This will come as something of a surprise to those who've known me a long time, but I went to my first live show of the year a couple of Sundays ago. (The one song I saw at SXSW doesn't count). This is a combination of my decreasing professional involvement in music, my extreme fatigue with it, and the fact that here in Montpellier, almost no music of interest comes here during the course of the year. True, earlier this year Wire was in town, but I had no money whatsoever for that one. Last year, except for an impromptu visit by some Austin-based musicians, there was nothing at all.
This show, however, was by someone I've known for a long time, John Cale, who's always interesting. And it was also in the Rockstore, which is the second-closest live music venue to my house. (The closest is the bar-restaurant next door, and Cale is far and away not awful enough to play there.

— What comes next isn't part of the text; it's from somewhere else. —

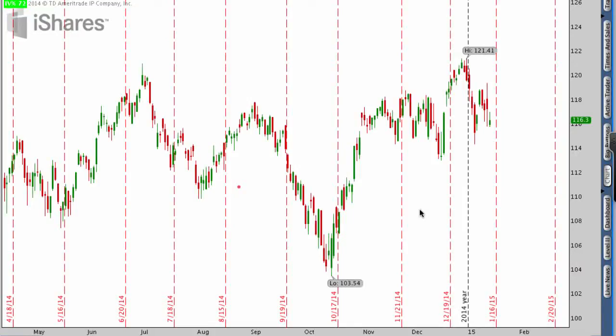Hey everyone, this is Kirk here again from optionalpha.com. In this video tutorial, what I want to do is help you guys figure out where a stock may or may not go in the future. As we start to talk about technical analysis, it's important to realize that it's not the end-all tool. Even in my own progression of trading, I used to use technical analysis a lot more than I do now, but it still serves a really good purpose and can give you an edge.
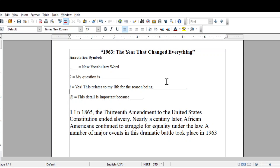In 1865, the 13th Amendment to the United States Constitution ended slavery. Nearly a century later, African Americans continued to struggle for equality under the law. A number of major events in this dramatic battle took place in 1963. This is the first paragraph from the informational text, '1963, the year that changed everything.'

I keep hoping their live-music experiment will fail, which is possible: everything else there has). Except for Wire, they've never had a single act which has interested me, and, as you can see from the upcoming events, that's hardly a surprise. (The Gladiators were interesting when I saw them in the '80s, but as far as I know the original guys are all dead, or there's only one guy left, another of those skeletal reggae bands that plods the circuit, trading on old glories).
Besides Cale, who was having an off night and seemed to be ill, I was curious to see the venue, which is celebrating its 25th anniversary this year, and festooned the center city with banners showing performance shots of (mostly French) bands I'd never heard of performing there. It's astonishing how the French could have such a huge rock scene without any of it ever leaking out to the wider world. Well, it is unless you've investigated it and noticed how utterly unimaginative 99% of it is: a journalist friend of mine in Paris once took me to see RCA France's big new signing La Fille du Pirate (The Pirate's Daughter -- great band name, huh?), at the Olympia, the legendary Paris venue, and I remember them chiefly because it was such a dull show. Big money had changed hands, and to such little effect. But the reason all the banners were up was because the Rockstore owners had thrown up their hands a couple of years ago, unable to make the place work any more -- and the city of Montpellier stepped in and bought it from them! Just imagine that happening in any U.S. city!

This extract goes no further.